> Recorded information:

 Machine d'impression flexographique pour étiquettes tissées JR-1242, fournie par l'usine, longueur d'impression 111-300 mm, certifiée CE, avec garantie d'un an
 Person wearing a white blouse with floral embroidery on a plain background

---

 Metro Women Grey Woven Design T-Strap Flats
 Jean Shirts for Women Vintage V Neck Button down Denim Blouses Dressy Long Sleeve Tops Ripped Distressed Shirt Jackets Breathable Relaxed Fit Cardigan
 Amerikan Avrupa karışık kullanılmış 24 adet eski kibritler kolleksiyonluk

...

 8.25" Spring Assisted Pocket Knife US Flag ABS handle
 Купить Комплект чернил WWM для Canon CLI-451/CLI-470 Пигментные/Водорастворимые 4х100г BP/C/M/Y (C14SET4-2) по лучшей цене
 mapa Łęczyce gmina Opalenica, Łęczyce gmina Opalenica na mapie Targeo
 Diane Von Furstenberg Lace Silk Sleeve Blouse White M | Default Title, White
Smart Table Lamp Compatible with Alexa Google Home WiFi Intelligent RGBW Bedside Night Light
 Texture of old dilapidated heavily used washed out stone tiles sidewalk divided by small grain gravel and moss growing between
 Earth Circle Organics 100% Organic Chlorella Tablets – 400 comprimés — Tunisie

> Exercise instructions: Reproduce exactly the lines above from the line with "Machine d'impression flexographique" to the line with "Person wearing a", including both, and add nothing.

> Result of the exercise:
 Machine d'impression flexographique pour étiquettes tissées JR-1242, fournie par l'usine, longueur d'impression 111-300 mm, certifiée CE, avec garantie d'un an
 Person wearing a white blouse with floral embroidery on a plain background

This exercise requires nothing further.